Mortgage rates for homes in Rockville are among the lowest they've been in the past few decades. Don't wait to invest in a Rockville mortgage! Whether you're retiring, moving or refinancing, Earnest can tell you how much it'll cost to keep Rockville your home. Find out what's within your means with our handy calculator.

Find an affordable home in Rockville now

Get your dream home with a fair loan

Rockville has the perfect home for you, whether you're a retiree or moving to the area. Rockville housing prices range from $299,000 to $1.3M, meaning there's a little something for everyone. With a low crime rate, Rockville is a safe community to raise a family in. For a family looking for a 15 year mortgage, the rate is currently up by 2.7 percent, still among some of the lowest rates in the country. With mortgage rates as low as they have been in years, now's a great time to make Rockville your community too.

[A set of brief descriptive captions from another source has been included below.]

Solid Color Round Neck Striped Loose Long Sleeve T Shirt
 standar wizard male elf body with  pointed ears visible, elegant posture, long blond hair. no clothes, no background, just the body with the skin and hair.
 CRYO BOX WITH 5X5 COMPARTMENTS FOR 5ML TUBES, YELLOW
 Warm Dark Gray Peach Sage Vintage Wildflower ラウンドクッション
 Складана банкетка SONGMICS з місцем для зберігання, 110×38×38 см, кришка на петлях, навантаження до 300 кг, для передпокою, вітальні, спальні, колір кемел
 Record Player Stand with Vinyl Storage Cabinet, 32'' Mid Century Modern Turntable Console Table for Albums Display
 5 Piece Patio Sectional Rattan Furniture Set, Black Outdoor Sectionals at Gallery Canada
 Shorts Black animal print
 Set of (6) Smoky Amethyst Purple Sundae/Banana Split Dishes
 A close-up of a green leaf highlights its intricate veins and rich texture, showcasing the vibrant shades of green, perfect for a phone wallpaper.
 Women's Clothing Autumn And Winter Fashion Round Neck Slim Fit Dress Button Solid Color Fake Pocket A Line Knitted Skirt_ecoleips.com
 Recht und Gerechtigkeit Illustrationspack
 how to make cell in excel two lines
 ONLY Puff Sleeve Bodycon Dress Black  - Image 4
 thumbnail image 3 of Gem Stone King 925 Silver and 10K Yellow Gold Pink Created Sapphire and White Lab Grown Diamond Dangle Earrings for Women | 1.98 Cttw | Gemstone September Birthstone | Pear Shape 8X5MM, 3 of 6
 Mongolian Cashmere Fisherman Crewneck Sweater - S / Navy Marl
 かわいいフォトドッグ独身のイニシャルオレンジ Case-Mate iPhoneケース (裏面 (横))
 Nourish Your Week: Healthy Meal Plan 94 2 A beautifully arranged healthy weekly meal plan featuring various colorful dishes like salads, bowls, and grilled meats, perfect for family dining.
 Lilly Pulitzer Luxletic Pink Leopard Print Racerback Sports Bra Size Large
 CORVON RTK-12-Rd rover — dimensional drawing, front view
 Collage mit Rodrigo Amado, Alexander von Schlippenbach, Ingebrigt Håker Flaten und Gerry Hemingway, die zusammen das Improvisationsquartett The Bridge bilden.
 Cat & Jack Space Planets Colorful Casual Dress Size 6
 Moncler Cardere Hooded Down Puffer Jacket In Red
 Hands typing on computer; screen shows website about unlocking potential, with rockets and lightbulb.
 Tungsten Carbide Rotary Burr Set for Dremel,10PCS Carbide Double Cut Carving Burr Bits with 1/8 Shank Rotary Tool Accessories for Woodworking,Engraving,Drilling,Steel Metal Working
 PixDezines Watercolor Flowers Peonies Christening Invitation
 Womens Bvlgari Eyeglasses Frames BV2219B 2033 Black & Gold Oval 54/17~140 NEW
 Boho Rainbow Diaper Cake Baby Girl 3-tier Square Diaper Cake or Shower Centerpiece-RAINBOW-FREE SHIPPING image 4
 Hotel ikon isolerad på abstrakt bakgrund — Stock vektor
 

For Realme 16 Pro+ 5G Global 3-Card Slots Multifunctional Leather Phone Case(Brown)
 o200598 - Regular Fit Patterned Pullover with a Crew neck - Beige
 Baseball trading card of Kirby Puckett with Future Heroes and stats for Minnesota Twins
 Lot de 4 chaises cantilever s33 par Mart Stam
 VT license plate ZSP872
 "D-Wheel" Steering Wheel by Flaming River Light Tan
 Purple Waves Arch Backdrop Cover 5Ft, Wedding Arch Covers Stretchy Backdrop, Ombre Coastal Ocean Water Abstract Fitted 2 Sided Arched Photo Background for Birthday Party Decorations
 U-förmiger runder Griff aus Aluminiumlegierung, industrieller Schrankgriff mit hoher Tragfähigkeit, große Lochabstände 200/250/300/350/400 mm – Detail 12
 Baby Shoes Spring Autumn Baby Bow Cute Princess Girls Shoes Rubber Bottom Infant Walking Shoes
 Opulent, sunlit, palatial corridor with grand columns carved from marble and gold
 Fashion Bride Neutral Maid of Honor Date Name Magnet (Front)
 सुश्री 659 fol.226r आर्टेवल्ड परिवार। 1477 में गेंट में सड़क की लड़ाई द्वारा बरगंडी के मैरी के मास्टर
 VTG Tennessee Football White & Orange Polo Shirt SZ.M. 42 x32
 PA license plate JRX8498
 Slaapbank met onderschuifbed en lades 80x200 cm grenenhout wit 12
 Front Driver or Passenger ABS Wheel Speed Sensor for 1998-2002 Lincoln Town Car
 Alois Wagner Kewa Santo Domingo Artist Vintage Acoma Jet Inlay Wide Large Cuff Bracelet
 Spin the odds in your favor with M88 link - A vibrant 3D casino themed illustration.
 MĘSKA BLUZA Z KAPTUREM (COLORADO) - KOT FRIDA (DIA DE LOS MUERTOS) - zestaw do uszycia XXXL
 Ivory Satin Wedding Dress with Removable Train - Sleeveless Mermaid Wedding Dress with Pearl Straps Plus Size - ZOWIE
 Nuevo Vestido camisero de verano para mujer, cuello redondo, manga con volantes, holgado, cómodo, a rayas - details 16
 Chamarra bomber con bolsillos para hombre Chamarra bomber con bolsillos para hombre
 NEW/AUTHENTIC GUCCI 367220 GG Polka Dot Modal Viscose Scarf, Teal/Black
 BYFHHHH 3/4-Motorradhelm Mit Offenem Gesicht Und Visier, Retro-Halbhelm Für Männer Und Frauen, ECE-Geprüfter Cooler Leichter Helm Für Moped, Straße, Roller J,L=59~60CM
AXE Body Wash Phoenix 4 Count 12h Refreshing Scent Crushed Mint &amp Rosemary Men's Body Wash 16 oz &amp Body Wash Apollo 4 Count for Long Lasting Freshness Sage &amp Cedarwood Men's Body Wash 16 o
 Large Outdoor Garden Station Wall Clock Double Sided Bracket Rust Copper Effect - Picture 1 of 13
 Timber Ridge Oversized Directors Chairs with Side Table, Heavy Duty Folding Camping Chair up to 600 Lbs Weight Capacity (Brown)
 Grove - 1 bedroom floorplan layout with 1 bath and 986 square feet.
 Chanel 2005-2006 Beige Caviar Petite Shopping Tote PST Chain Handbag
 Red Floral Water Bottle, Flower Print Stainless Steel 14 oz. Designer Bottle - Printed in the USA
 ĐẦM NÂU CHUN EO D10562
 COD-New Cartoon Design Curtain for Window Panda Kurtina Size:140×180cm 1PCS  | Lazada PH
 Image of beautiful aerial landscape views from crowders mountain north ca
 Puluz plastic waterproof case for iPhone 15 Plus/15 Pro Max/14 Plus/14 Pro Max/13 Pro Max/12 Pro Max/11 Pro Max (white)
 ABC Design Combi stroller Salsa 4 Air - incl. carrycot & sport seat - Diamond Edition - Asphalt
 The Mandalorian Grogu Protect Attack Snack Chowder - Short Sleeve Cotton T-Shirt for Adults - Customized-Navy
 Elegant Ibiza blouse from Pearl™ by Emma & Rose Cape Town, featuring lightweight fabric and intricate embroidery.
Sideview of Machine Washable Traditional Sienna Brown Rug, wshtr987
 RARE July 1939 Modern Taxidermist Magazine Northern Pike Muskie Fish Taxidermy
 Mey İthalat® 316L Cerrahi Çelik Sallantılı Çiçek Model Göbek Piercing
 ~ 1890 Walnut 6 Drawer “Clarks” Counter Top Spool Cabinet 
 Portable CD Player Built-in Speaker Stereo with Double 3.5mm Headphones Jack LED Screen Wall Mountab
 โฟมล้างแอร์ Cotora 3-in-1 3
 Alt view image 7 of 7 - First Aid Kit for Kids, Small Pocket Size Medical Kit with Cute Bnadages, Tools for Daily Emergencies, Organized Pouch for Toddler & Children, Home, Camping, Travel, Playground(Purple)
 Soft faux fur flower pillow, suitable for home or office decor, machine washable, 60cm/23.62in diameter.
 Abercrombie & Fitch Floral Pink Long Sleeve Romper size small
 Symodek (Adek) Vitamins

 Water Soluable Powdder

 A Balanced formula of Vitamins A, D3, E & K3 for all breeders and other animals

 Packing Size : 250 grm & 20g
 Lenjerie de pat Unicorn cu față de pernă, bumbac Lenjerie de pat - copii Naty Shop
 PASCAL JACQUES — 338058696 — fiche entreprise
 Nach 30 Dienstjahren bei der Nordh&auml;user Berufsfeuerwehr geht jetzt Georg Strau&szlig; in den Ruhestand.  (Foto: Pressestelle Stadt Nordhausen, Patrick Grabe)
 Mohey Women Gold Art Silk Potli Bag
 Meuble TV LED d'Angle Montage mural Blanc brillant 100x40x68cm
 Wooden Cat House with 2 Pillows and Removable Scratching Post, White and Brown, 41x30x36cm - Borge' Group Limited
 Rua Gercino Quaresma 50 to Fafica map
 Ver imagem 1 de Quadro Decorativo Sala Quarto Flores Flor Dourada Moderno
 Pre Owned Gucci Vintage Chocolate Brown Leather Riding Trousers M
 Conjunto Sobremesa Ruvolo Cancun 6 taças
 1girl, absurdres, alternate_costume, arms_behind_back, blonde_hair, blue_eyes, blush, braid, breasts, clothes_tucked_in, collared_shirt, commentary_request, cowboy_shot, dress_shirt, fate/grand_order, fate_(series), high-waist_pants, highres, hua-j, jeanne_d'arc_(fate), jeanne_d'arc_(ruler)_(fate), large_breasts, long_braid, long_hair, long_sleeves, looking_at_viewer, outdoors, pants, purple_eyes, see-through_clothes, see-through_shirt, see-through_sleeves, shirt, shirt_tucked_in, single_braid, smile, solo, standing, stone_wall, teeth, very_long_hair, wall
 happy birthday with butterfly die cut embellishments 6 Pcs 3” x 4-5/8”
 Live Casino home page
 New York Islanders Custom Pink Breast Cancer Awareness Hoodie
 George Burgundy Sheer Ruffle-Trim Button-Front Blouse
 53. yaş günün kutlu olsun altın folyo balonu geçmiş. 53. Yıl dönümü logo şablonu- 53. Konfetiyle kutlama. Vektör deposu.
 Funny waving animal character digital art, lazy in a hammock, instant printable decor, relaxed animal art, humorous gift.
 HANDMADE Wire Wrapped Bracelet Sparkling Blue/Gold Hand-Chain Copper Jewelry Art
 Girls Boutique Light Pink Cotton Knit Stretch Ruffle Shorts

The finest home loan anywhere

Find a deal for your Rockville home

First home? Your retirement destination? No matter the reason you're moving to Rockville, you'll find both the home you are looking for and the loan you need. Many things go into your mortgage rate, such as your credit score, the purpose of your loan, the cost of the house and the down payment you pay. Ask your realtors if you can qualify for any loan discounts based on your unique situation. Earnest can help you find a loan that accommodates your financial profile and your lifestyle needs. Looking to refinance the mortgage of your Rockville home? The process is pretty familiar if you've bought a home before. If you need to switch the terms of your current agreement from fixed to ARM, or need to change the length of the loan, Earnest is your go-to resource to help you discover the best and most affordable options.

Common Questions About Rockville Mortgage Rates

All The Answers You Need to Settle Down Sooner

Should I choose a fixed or adjustable rate?

It depends how long you expect to stay in the home. Adjustable rates are good for people who may not be in the home long, whereas fixed rates are ideal for people who are confident of settling in.

Do I need a home appraisal?

Probably—in most cases, the homebuyer must use an appraiser to evaluate the value of the home. Appraisal costs vary depending on the value of the property, as well as the state the house is in. Buyers cannot choose their own appraiser—the bank makes the decision.

What is PMI?

Private mortgage insurance (PMI) is required when a homebuyer makes a down payment of less than 20%, or when a borrower refinances with less than 20% equity in the home. PMI fees vary according to your down payment and credit score, and adds a premium to your monthly mortgage payment. Please note, PMI is tax-deductible in 2015 and 2016 for certain income brackets.

What does Loan-to-Value mean?

Loan-to-Value (LTV) is the percentage of your home’s value that your loan represents. When refinancing, the calculation is simply the loan amount divided by the appraised value. When buying a home, the LTV is found by dividing by either the purchase price or appraised amount, whichever is lower. When the LTV is less than 80%, the lender generally requires PMI.

For example:

Purchase price: $100,000
Down payment: $15,000
Loan amount: $85,000
Appraised value: $110,000
LTV: $85,000/$100,000 = 85%

What are closing costs?

Closing costs are standard fees associated with a real estate transaction. You will typically pay about 2-5% of the purchase price in closing costs—the exact amount depends on where you are buying (or refinancing), as well as number of extra fees involved in your particular transaction. Earnest charges no lender fees, so the borrower is only responsible for 3rd-party fees.

What should I consider before refinancing my mortgage?

Refinancing your home loan is an attractive option when rates are low. A simple rate and term refinance can help you lower your monthly payment and potentially eliminate your PMI premium, as long as you have built up enough equity in the home. You might also use a cash-out refinance to access some of the equity you’ve built up in the home (which may result in a higher monthly payment on your new loan).

However, keep in mind that refinancing a mortgage does involve several fees (closing costs). Before refinancing, you should calculate the ‘break-even’ point at which your refinanced loan makes up for the closing costs. If you plan to leave your home before this time, it’s better to stay with your current mortgage.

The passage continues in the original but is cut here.